Präsident Kurt Scholz: Die Ablöse ist aus verfassungsrechtlichen Gründen elend langsam. Keine andere Großorganisation könnte sich leisten, dass die Ablöse des Generaldirektors sechs bis acht Wochen dauert. Ich würde schon gerne mein Amt meiner Nachfolgerin übergeben. Es zeigt nur, wie verkrustet, versteinert, antiquiert und reformbedürftig die Strukturen in der Schulorganisation sind.

die furche: Wäre Ihre Ablöse auch ohne absolute Mehrheit der SPÖ erfolgt?

Scholz: Eine klare Antwort: Nein. Kein Koalitionspartner hätte die Form der Ablöse mitgetragen.

die furche: Wird damit ein neuer Akzent in der Bildungspolitik gesetzt? Waren Sie zu wenig auf der ideologischen Linie der SPÖ?

Scholz: Für mich waren wichtig: die Wünsche der Eltern und der Schulen. Punkt. Wenn man dieses Amt ausübt, muss man dem Aufgabengebiet verpflichtet sein. Eine Fernsteuerung durch Parteiprogramme bekommt in dieser Funktion niemandem, weil er sich damit von den Menschen entfernt. Ein praktisches Beispiel: Wenn im 22. Bezirk die Menschen keine Gesamtschulversuche wünschen, sondern normale, gute AHS, und das zu Hunderten dokumentieren, dann kann man nicht antworten: Im Parteiprogramm der SPÖ steht der Ausbau der Gesamtschulen drinnen.

die furche: Erwarten Sie von Ihrer Ablöse eine markante Änderung in der Wiener Bildungspolitik?

Scholz: Ich hoffe, dass es keine markante Änderung geben wird. Gerade die Bildungspolitik in einer Großstadt hat sich durch Großzügigkeit auszuzeichnen. Eine Großstadt ist nicht uniform, daher ist nichts für sie ungeeigneter als ein uniformes Schulwesen. An ein Einheitsschulwesen kann nur jemand denken, der in der Vorstellungswelt des Einheitsmenschen, des Einheitslehrers, des Einheitskindes lebt. Großstadt ist Vielfalt, und diese Vielfalt ist nicht nur zu akzeptieren, sondern aktiv zu fördern. Ich habe mich aktiv bemüht, die Konfrontation öffentliches versus privates Schulwesen zu entkrampfen. Mit bescheidenen, aber nachweisbaren Erfolgen. Dahinter kann man nicht zurück. Niemand würde das in dieser Stadt verstehen.
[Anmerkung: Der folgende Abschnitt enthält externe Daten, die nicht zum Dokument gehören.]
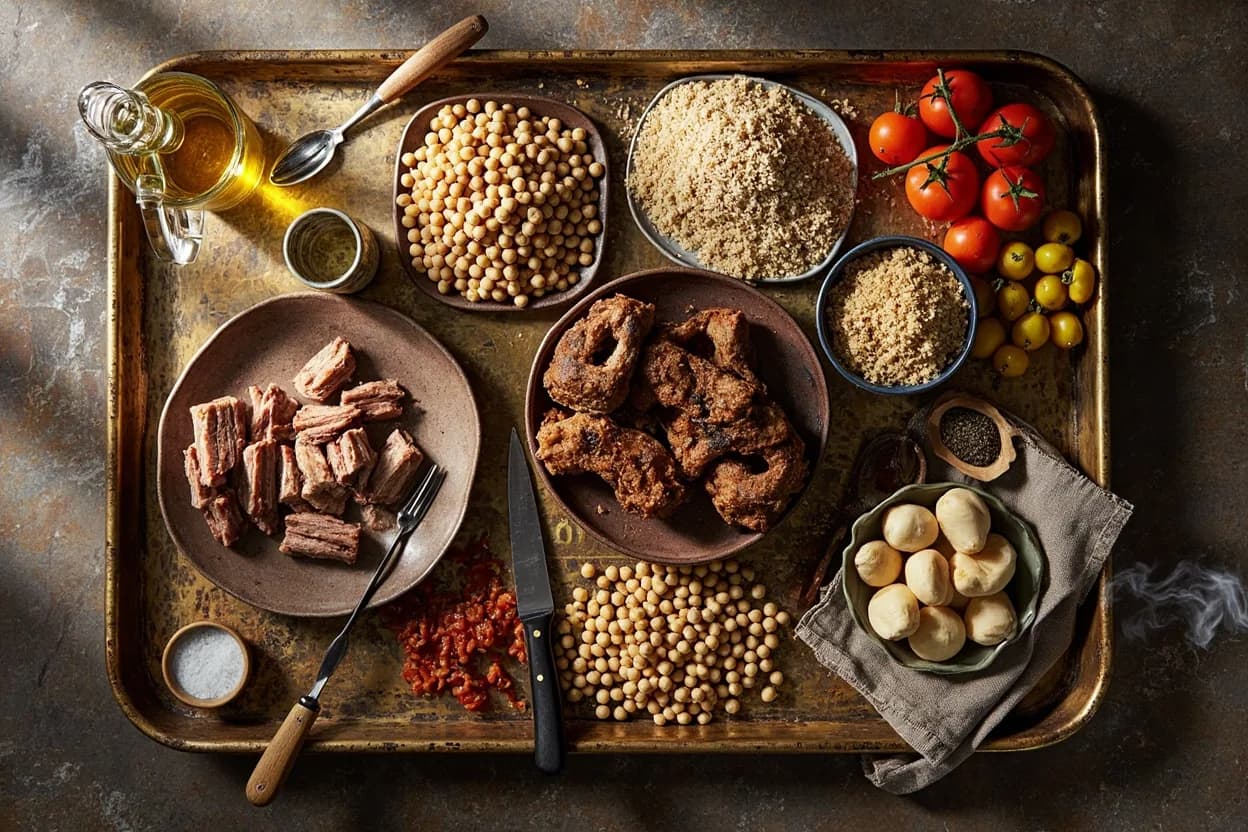Mise en place for Levantine (Bilad al-Sham): the staple ingredients and key tools of the tradition laid out on the cook's board.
diefurche: Die objektive Vergabe von Direktorenposten war Ihnen ein Anliegen. Erwarten Sie da einen Rückschritt?

Scholz: Ich habe in dem Bereich Teilerfolge erzielt, und der Offenbarungseid wird da relativ rasch kommen. Meine Zusammenarbeit mit Neumann Management, einem privaten Personalberatungsbüro, dem man keine Parteinähe nachsagen kann, war eine ehrliche. Das heißt: Weg von der parteipolitischen Besetzung im Kollegium. Ich habe mich lückenlos an die Reihungsvorschläge von Neumann Management gehalten, ich habe auch eine Ausweitung auf die Pflichtschulen fix zugesagt und arbeitsmäßig vereinbart. Ich hoffe, dass das so bleiben wird. Ein Zurück zu alten Zeiten, wie das Teile sozialdemokratischer Lehrerganisationen mit Flugblättern "Zurück ins rote Wien" ausgedrückt haben, ist Nostalgie und kein Zukunftskonzept.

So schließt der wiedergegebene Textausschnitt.